• **Task prompt**:
The copy you give must match the listing below exactly and contain no pictures.

*** Data ***

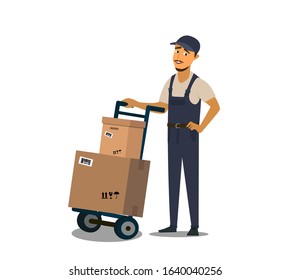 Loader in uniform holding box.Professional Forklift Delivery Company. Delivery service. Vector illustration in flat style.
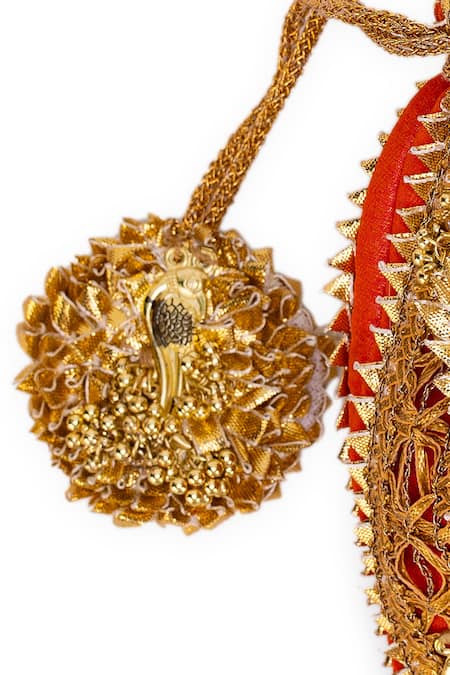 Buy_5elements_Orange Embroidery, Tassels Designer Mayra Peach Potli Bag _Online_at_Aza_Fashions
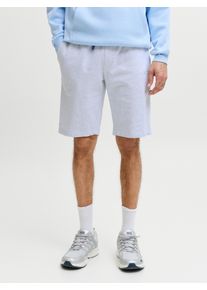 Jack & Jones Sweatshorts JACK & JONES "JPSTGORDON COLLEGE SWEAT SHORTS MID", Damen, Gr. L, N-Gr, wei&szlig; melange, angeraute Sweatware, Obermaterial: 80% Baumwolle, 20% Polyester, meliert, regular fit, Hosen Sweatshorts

*** End of Data ***

• **Task response**:
 Loader in uniform holding box.Professional Forklift Delivery Company. Delivery service. Vector illustration in flat style.
 Buy_5elements_Orange Embroidery, Tassels Designer Mayra Peach Potli Bag _Online_at_Aza_Fashions
 Jack & Jones Sweatshorts JACK & JONES "JPSTGORDON COLLEGE SWEAT SHORTS MID", Damen, Gr. L, N-Gr, wei&szlig; melange, angeraute Sweatware, Obermaterial: 80% Baumwolle, 20% Polyester, meliert, regular fit, Hosen Sweatshorts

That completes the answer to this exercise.